It’s funny. One week, newly elected MA Senator Scott Brown got a heroes welcome at CPAC, as he introduced Mitt Romney. A week later, he’s getting jeered by many of those same conservatives for voting to allow a vote on a jobs bill. Such is the burden of being a squishy moderate. Speaking as someone who comes from one of them bluer than blue states – where most people aren’t as conservatives as they should be – everyone needs to calm the hell down.
Most of the national support for Brown was to be the 41st vote to block ObamaCare, which he is. But at the end of the day, he’s still a Senator from Massachusetts. He has constituents that he has to answer to more than he does the rest of us on the Internets, and while he’s probably going to vote with us a good 80% of the time, there will be times he strays from the collective. Heaven forbid Obama gets to appoint another Supreme Court Justice, don’t hold your breath on a filibuster.
There’s also a risk we run in demanding purity. Other than the fact that conservatives are supposed to believe in leaving things to the states, which you would assume would include who they elect to represent them (with some exceptions), we also risk losing seats in states like Massachusetts and here in New York…which is how we got into this mess in the first place. Senior JBdotC Red state, Blue state Correspondent Brett Josphe arranges the words better than I do:
As a conservative Republican, I can only hope that those tempted to demand ideological purity from everyone in our Party will proceed with caution. Yes, America is a center-right nation. Yes, conservatives are the largest self-identifying ideological group in the country. However, the conventional political wisdom permeating conservative circles seems destined to lead the movement and Republicans astray.

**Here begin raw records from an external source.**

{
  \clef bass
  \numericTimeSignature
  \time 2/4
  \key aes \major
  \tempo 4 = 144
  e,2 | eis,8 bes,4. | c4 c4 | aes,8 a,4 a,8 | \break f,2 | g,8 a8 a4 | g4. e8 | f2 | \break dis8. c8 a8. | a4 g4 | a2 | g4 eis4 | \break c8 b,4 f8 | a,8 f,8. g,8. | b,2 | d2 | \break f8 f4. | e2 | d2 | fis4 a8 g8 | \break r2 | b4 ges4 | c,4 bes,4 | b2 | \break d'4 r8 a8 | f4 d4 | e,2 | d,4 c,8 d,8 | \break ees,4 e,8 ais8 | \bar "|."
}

America is not an ideological land. It is filled with men and women whose biggest concerns involve their families, their jobs, their bills and their ambitions for a better life. They are far more concerned with high unemployment right now than with maintaining conservative principles. That doesn’t excuse wild, irresponsible spending or the complete abandonment of fundamental principles, but it certainly warrants consideration of a politician’s circumstances and the needs of his constituency.
The respective ideological bases may have great sway over the candidates that Democrats and Republicans produce, but it is still the Center–the Independents–who actually determine who gets elected, at least at the presidential level.
Read the whole article, and give Scott Brown a break. We’re lucky to have won the Kennedy seat in the first place.